William George Quaife (17 March 1872 – 13 October 1951) was a cricketer who played for Sussex, Warwickshire and England. He also played representative hockey for the Midlands. At the age of 56 years and 139 days, Quaife is the oldest cricketer to score a century in a County Championship match, doing so in the 1928 tournament. He is also the oldest cricketer to take a five-wicket haul in the County Championship, taking three five-wicket hauls in the 1926 tournament at the age of 54.

==Biography==
A diminutive right-handed batsman with a strong defence, Quaife played one match for Sussex before moving, with his older brother Walter, to Warwickshire in 1894. He made a century on his debut and, 35 years later at the age of 56, made another on his last appearance for the county in 1928. In between, he scored more than 36,000 runs with a further 70 centuries and, for good measure, took 900 wickets with leg break bowling that, early in his career, was suspected to be illegal. He passed the 1,000 run mark in 25 seasons and was the leading batsman as Warwickshire won the County Championship for the first time in 1911. His career total of 36,012 runs puts him 36th on the all-time list of run-getters.

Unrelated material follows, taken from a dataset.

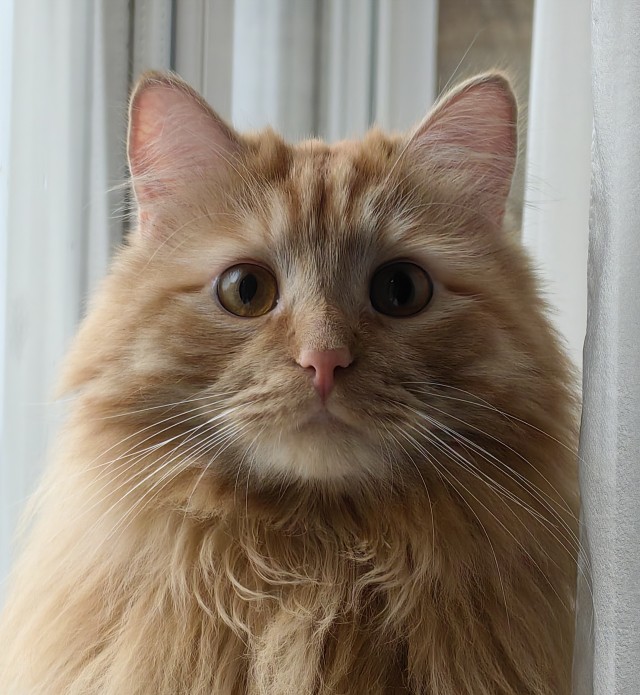 Котовторник. Где коты? Мой вот!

Quaife made only seven Test match appearances, starting with two matches against the Australians in 1899, and then featuring in all five games on the 1901–02 tour to Australia under Archie MacLaren. He met with little success, except at Adelaide, where he scored 68 and 44 in the third Test.

Quaife also played for W. G. Grace's London County team and spent the winter of 1912–13 playing for Griqualand West in South Africa. He was a Wisden Cricketer of the Year in 1902.

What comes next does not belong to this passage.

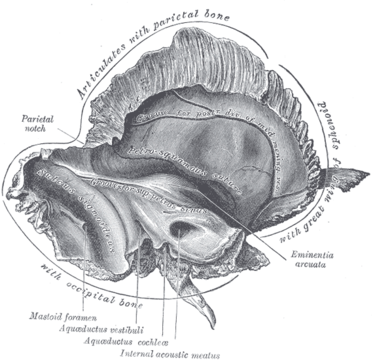 Internal auditory meatus - Wikipedia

In his playing career, Quaife was usually listed as "W.G.Quaife" and Wisden lists him as "William George Quaife" in its obituary in 1952. The middle initial (or name) appears, however, to have been acquired merely to differentiate him from his brother, Walter, who was eight years his senior and an established Sussex cricketer before moving with William to Warwickshire, where he played until 1901.

Quaife played with his son Bernard twenty times in first-class matches. On one occasion, for Warwickshire against Derbyshire at Derby in 1922, the Quaifes played against the father-son combination of Billy Bestwick and Robert Bestwick. The Smart brothers Jack and Cyril also played for Warwickshire in this match.

After retirement, Quaife became a cricket bat manufacturer.